TASK BRIEF>
A complete, exact copy of the records below is the required result.

Brief descriptive captions:
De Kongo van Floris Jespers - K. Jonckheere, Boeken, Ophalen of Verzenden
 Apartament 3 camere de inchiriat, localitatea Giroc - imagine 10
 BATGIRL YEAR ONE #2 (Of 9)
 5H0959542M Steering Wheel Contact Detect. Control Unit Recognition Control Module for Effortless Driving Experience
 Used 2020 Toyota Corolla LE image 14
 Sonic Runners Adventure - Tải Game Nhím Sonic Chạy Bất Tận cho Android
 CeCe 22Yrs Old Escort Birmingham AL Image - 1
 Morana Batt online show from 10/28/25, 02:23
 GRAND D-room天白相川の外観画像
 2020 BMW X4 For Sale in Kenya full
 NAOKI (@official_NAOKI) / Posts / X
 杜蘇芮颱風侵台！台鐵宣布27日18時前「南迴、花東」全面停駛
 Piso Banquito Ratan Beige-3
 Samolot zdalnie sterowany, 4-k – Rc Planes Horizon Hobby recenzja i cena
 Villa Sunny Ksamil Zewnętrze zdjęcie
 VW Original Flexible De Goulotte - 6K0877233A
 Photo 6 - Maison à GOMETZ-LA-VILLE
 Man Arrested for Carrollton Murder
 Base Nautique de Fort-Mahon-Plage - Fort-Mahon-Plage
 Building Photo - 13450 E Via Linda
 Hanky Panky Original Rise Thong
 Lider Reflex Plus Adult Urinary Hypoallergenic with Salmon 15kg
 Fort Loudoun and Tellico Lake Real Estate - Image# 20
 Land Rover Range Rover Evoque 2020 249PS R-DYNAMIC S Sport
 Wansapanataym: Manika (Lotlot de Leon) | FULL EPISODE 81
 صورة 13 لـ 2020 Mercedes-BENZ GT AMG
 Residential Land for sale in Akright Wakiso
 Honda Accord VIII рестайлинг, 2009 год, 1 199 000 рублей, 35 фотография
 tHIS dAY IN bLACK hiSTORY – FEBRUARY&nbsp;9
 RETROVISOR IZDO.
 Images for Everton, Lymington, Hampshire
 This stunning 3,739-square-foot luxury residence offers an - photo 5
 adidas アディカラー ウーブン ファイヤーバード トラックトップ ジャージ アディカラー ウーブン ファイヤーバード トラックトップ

EXERCISE SOLUTION>
De Kongo van Floris Jespers - K. Jonckheere, Boeken, Ophalen of Verzenden
 Apartament 3 camere de inchiriat, localitatea Giroc - imagine 10
 BATGIRL YEAR ONE #2 (Of 9)
 5H0959542M Steering Wheel Contact Detect. Control Unit Recognition Control Module for Effortless Driving Experience
 Used 2020 Toyota Corolla LE image 14
 Sonic Runners Adventure - Tải Game Nhím Sonic Chạy Bất Tận cho Android
 CeCe 22Yrs Old Escort Birmingham AL Image - 1
 Morana Batt online show from 10/28/25, 02:23
 GRAND D-room天白相川の外観画像
 2020 BMW X4 For Sale in Kenya full
 NAOKI (@official_NAOKI) / Posts / X
 杜蘇芮颱風侵台！台鐵宣布27日18時前「南迴、花東」全面停駛
 Piso Banquito Ratan Beige-3
 Samolot zdalnie sterowany, 4-k – Rc Planes Horizon Hobby recenzja i cena
 Villa Sunny Ksamil Zewnętrze zdjęcie
 VW Original Flexible De Goulotte - 6K0877233A
 Photo 6 - Maison à GOMETZ-LA-VILLE
 Man Arrested for Carrollton Murder
 Base Nautique de Fort-Mahon-Plage - Fort-Mahon-Plage
 Building Photo - 13450 E Via Linda
 Hanky Panky Original Rise Thong
 Lider Reflex Plus Adult Urinary Hypoallergenic with Salmon 15kg
 Fort Loudoun and Tellico Lake Real Estate - Image# 20
 Land Rover Range Rover Evoque 2020 249PS R-DYNAMIC S Sport
 Wansapanataym: Manika (Lotlot de Leon) | FULL EPISODE 81
 صورة 13 لـ 2020 Mercedes-BENZ GT AMG
 Residential Land for sale in Akright Wakiso
 Honda Accord VIII рестайлинг, 2009 год, 1 199 000 рублей, 35 фотография
 tHIS dAY IN bLACK hiSTORY – FEBRUARY&nbsp;9
 RETROVISOR IZDO.
 Images for Everton, Lymington, Hampshire
 This stunning 3,739-square-foot luxury residence offers an - photo 5
 adidas アディカラー ウーブン ファイヤーバード トラックトップ ジャージ アディカラー ウーブン ファイヤーバード トラックトップ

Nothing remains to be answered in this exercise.